The quotation in full can be found here. The estimate $\hat{\theta}_N$ is the solution of minimization problem (page 344):
\begin{align}
\min_{\theta\in \Theta}N^{-1}\sum_{i=1}^Nq(w_i,\theta)
\end{align}
If the solution $\hat{\theta}_N$ is interior point of $\Theta$, objective function is twice differentiable and gradient of the objective function is zero, then Hessian of the objective function (which is $\hat{H}$) is positive semi-definite.
Now what Wooldridge is saying that for given sample the empirical Hessian is not guaranteed to be positive definite or even positive semidefinite. This is true, since Wooldridge does not require that objective function $N^{-1}\sum_{i=1}^Nq(w_i,\theta)$ has nice properties, he requires that there exists a unique solution $\theta_0$ for
$$\min_{\theta\in\Theta}Eq(w,\theta).$$
So for given sample objective function $N^{-1}\sum_{i=1}^Nq(w_i,\theta)$ may be minimized on the boundary point of $\Theta$ in which Hessian of objective function needs not to be positive definite.
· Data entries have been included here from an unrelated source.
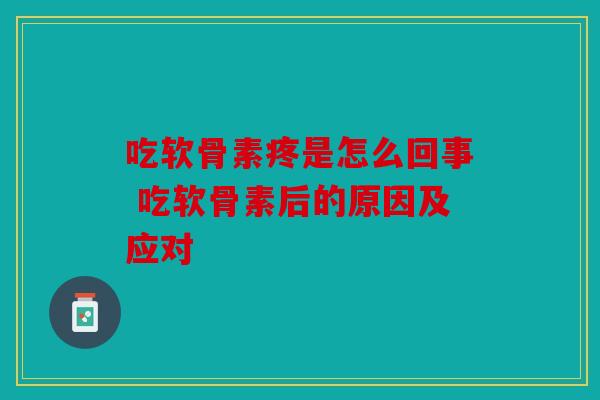 吃软骨素疼是怎么回事 吃软骨素后的原因及应对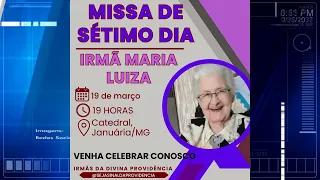 Missa de 7º dia da Irmã Maria Luiza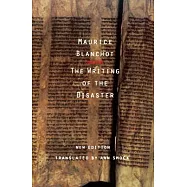 The Writing of the Disaster: L’Ecriture Du Desastre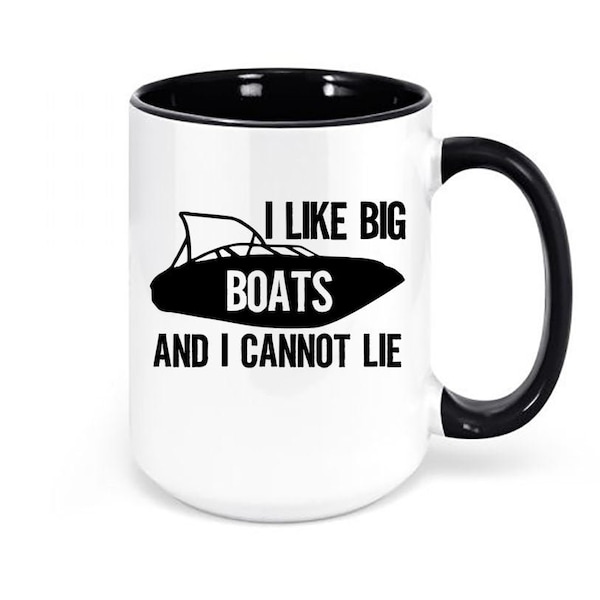 Bootfahren Kaffeebecher, ich mag große Boote und ich kann nicht lügen, Geschenk für Bootsbesitzer, Boot Tasse, Boot Kaffeetasse, Boot-Becher, sublimiertes Design, Boote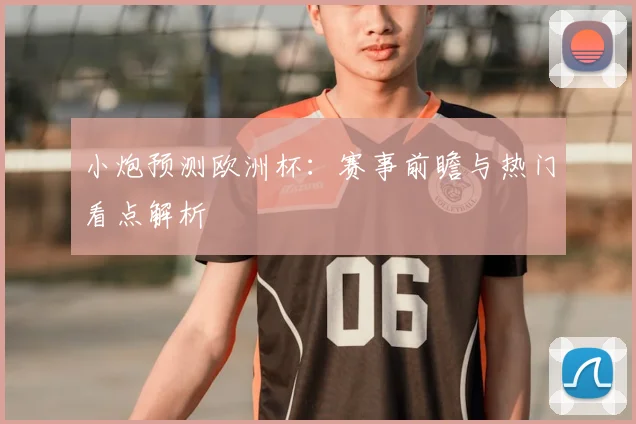 小炮预测欧洲杯:赛事前瞻与热门看点解析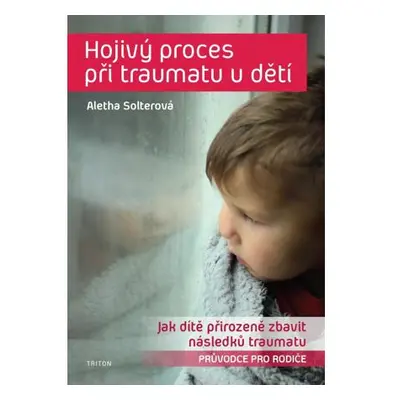 Hojivý proces při traumatu u dětí - Jak dítě přirozeně zbavit následků traumatu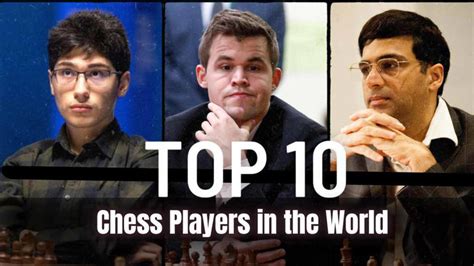 Top 10 Chess Players in the World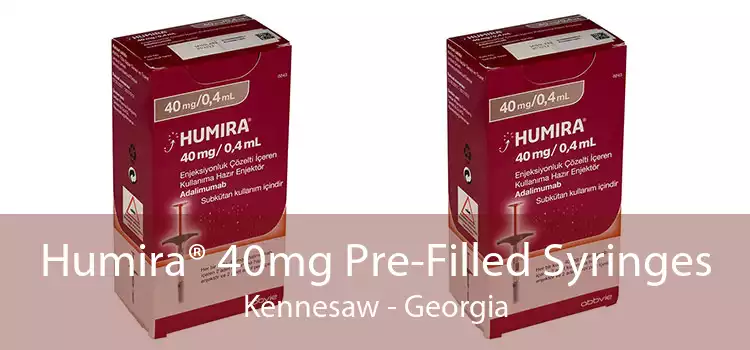 Humira® 40mg Pre-Filled Syringes Kennesaw - Georgia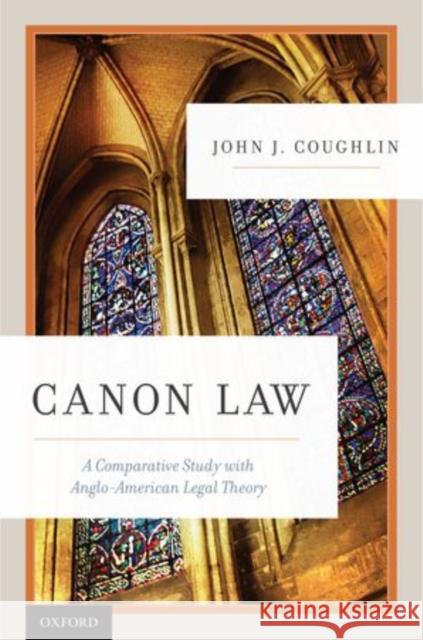 Canon Law: A Comparative Study with Anglo-American Legal Theory Coughlin O. F. M., John J. 9780195372977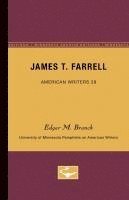 bokomslag James T. Farrell - American Writers 29: University of Minnesota Pamphlets on American Writers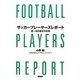 サッカープレーヤーズレポート―超一流の選手分析術 [単行本]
Further in his book Wooldridge gives an examples of estimates of Hessian which are guaranteed to be numerically positive definite. In practice non-positive definiteness of Hessian should indicate that solution is either on the boundary point or the algorithm failed to find the solution. Which usually is a further indication that the model fitted may be inappropriate for a given data.
Here is the numerical example. I generate non-linear least squares problem:
$$y_i=c_1x_i^{c_2}+\varepsilon_i$$
I take $X$ uniformly distributed in interval $[1,2]$ and $\varepsilon$ normal with zero mean and variance $\sigma^2$. I generated a sample of size 10, in R 2.11.1 using set.seed(3)
. Here is the link to the values of $x_i$ and $y_i$.
I chose the objective function square of usual non-linear least squares objective function:
$$q(w,\theta)=(y-c_1x_i^{c_2})^4$$
Here is the code in R for optimising function, its gradient and hessian.
##First set-up the epxressions for optimising function, its gradient and hessian.
##I use symbolic derivation of R to guard against human error
mt <- expression((y-c1*x^c2)^4)
gradmt <- c(D(mt,"c1"),D(mt,"c2"))
hessmt <- lapply(gradmt,function(l)c(D(l,"c1"),D(l,"c2")))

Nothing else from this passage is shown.